Okay, I'll admit it, this part is for geeks (I prefer the term mathematical sophisticate). It still does not require any more than high school math, but if you aren't into algebra stop reading now. As you know, a remainder after dividing by 7 can yield any number between 0 and 6, but in the table above we only see the numbers 0, 1, 2, 3 in the one's position. The answer is elementary my dear Watson! Once we subtract the anchor from all the numbers, the first row only contains the numbers 0, 1, 2, 3. To form each number in a given column, 7 is added to the number in the previous row, but as you will recall, adding 7 to a number does not affect the remainder after dividing by 7. Hence, all numbers in the same column have the same number in the one's position, and are restricted to the values 0, 1, 2, and 3 that are in the first row.
A magic matrix is very easy to produce. Any array of numbers of the form
| a0m + b0 | a0m + b1 | a0m + b2 | ··· | a0m + bn-1 |
| a1m + b0 | a1m + b1 | a1m + b2 | ··· | a1m + bn-1 |
| a2m + b0 | a2m + b1 | a2m + b2 | ··· | a2m + bn-1 |
| ··· | ··· | ··· | ··· | ··· |
| an-1m + b0 | an-1m + b1 | an-1m + b2 | ··· | an-1m + bn-1 |
where m > b0, b1,..., bn-1, and a0 ≠ a1 ≠ ··· ≠ an-1, and b0 ≠ b1 ≠ ··· ≠ bn-1, is a magic matrix.
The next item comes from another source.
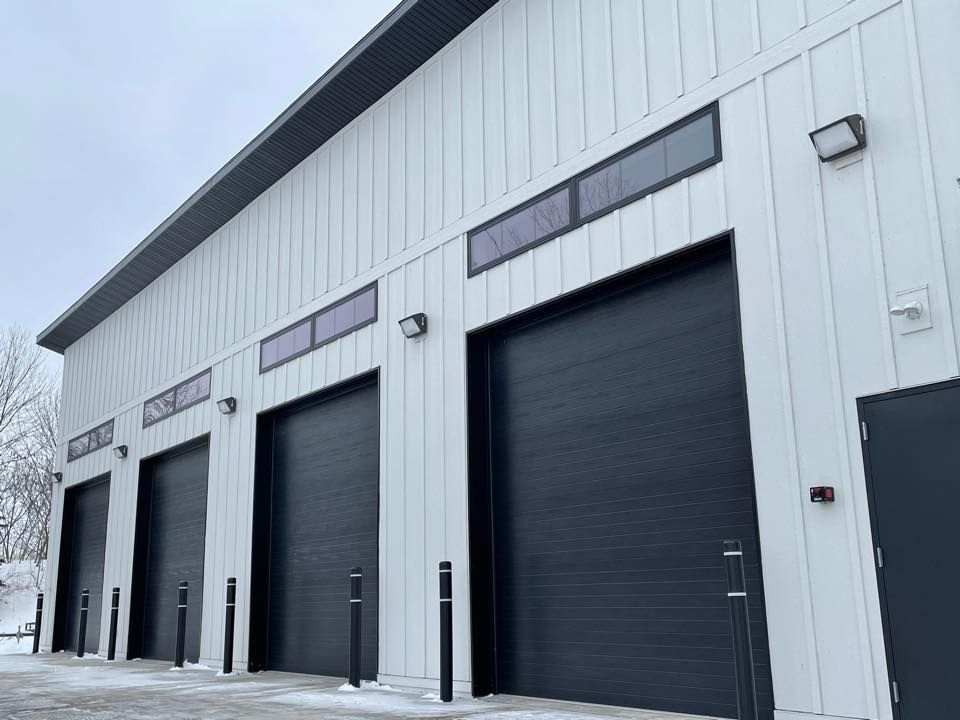 Commercial Building With Black Doors — Appleton, WI — American Overhead Door Commercial Building With Black Doors — Appleton, WI — American Overhead Door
The sum (i.e. magic number) of any such matrix is given by the formula
Sum = Σ(aim + bi),
where i ranges over 0 to n-1. Note that for the calendar trick, ai = 7·i + a, and bi = i, where a is the anchor number and n = 4. Using the Sum formula above, this works out to the expected Sum = 4·a0 + 48.
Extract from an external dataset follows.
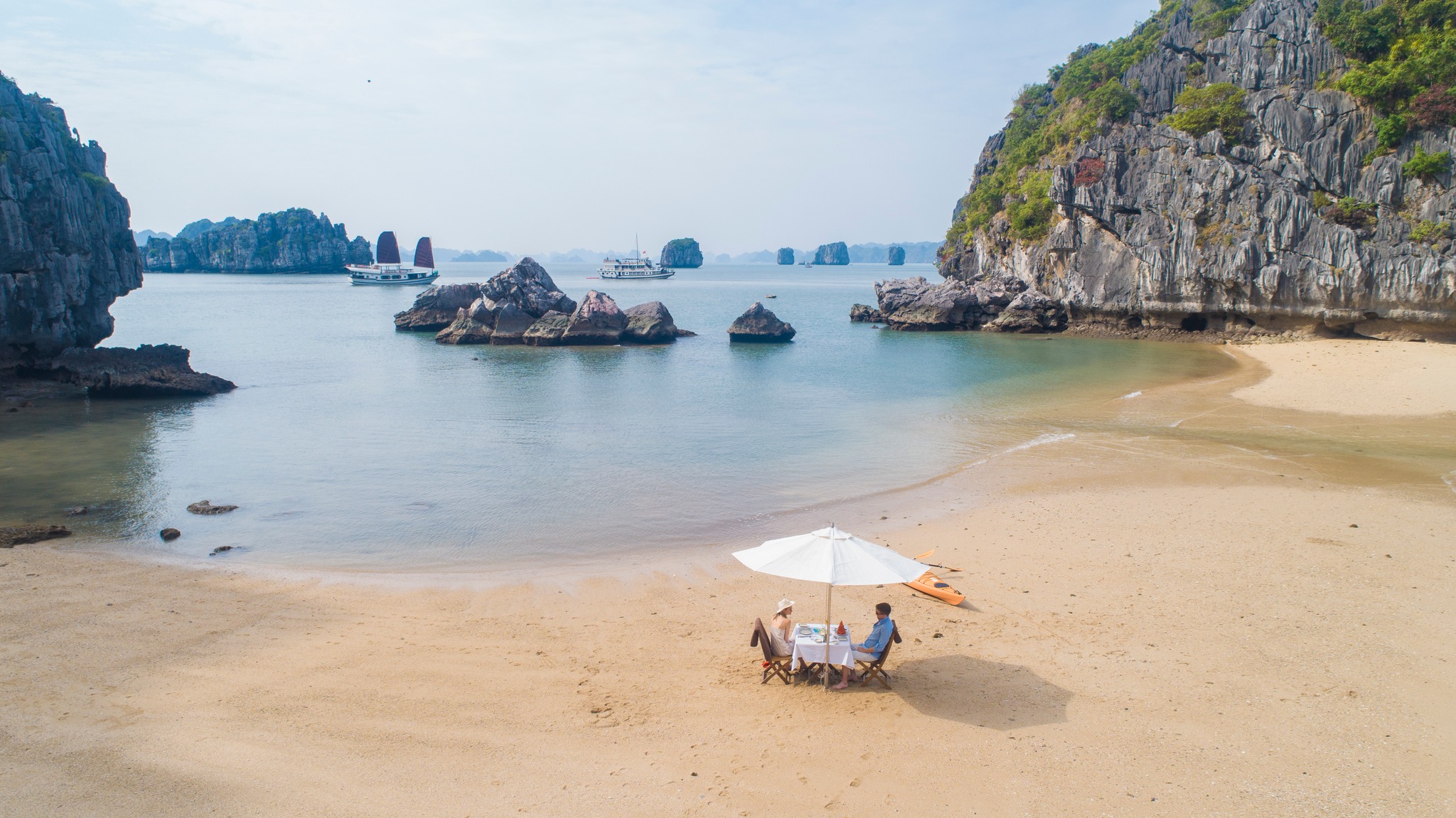 Tranquil Bai Tu Long Bay beach scene with soft sand, calm waters, and lush cliffs, perfect for relax.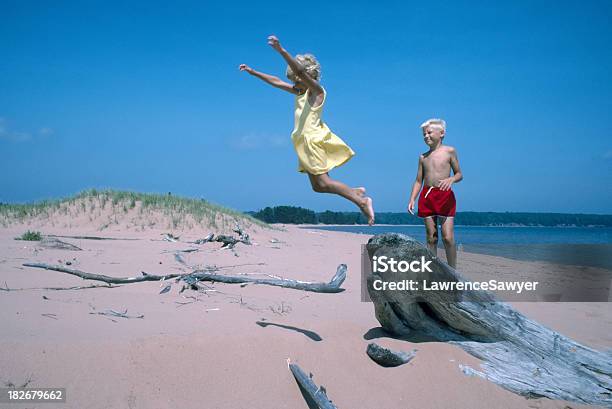 Crianças Jogando E Saltar Em Uma Praia De Areia - Fotografias de stock e mais imagens de Amarelo - Amarelo, Amizade, Ao Ar Livre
Another interesting diversion can be created by producing a magic square for (almost) any desired magic number. Just to make the math easier, we will apply some simplifications. First, we will assume that bi = i just as in the calendar problem. Next, we will assume m = n and ai = n·i + a, where n is the size of one side of the square. Given these simplifications our Sum formula reduces to:
Sum = Σ (n i + a + i) = n a + Σ (n + 1) i = n a + (n + 1) Σ i.
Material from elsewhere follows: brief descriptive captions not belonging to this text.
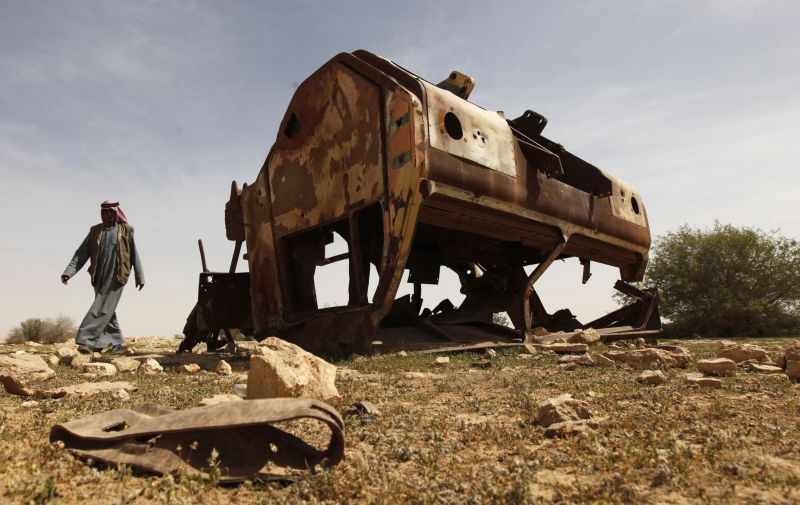 Iraquiano caminha perto do que moradores de Samawa, a 270 km de Bagdá, dizem ser um veículo norte-americano destruído durante a Guerra do Iraque, que completou 10 anos na última quarta | Mohammed Ameen/Reuters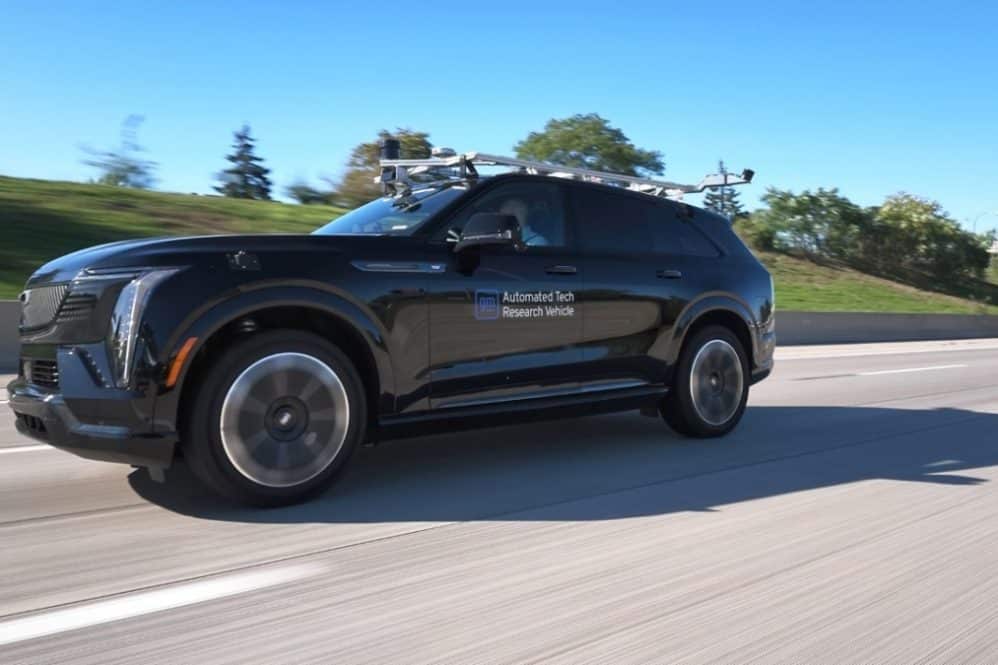 Cadillac Escalade IQ autonomous test vehicle with roof sensors driving on a highway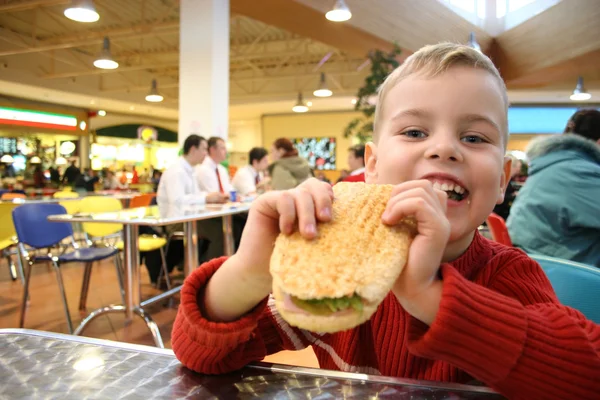 Дитині з'їсти гамбургер — стокове фото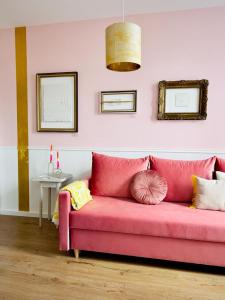 比勒费尔德Gallery Apartment Bielefeld的客房内的粉红色沙发上配有枕头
The last summation on the right is well known and is equal to Σ i = (n2-n) / 2. Plugging this back in to the equation above gives
Sum = n a + (n + 1) (n2-n) / 2.
While this looks a bit complex, it is fairly simple to apply in practice. For a 4 x 4 square, the formula becomes Sum = 4a + 30. If we seek a particular sum, we need to find the anchor number a, i.e. a = (Sum - 30) / 4 (note that Sum must be selected so that Sum-30 is divisible by four). Once a has been determined, compute the numbers for the matrix using ai = n·i + a and bi = i. To continue the 4 x 4 example, if we wanted a matrix with the sum 42, we compute a = (42 - 30) / 4 = 3. Plugging this into the matrix formulas give
| 3 | 4 | 5 | 6 |
| 7 | 8 | 9 | 10 |
| 11 | 12 | 13 | 14 |
| 15 | 16 | 17 | 18 |
Such a matrix can be "disguised" by swapping rows and columns (this will clearly not affect the sum) as shown below.
| 17 | 15 | 16 | 18 |
| 5 | 3 | 4 | 6 |
| 13 | 11 | 12 | 14 |
| 9 | 7 | 8 | 10 |
More complex (and less obvious) matrices can be created by using the more general form of the matrix equations (I'll leave that as an exercise for you).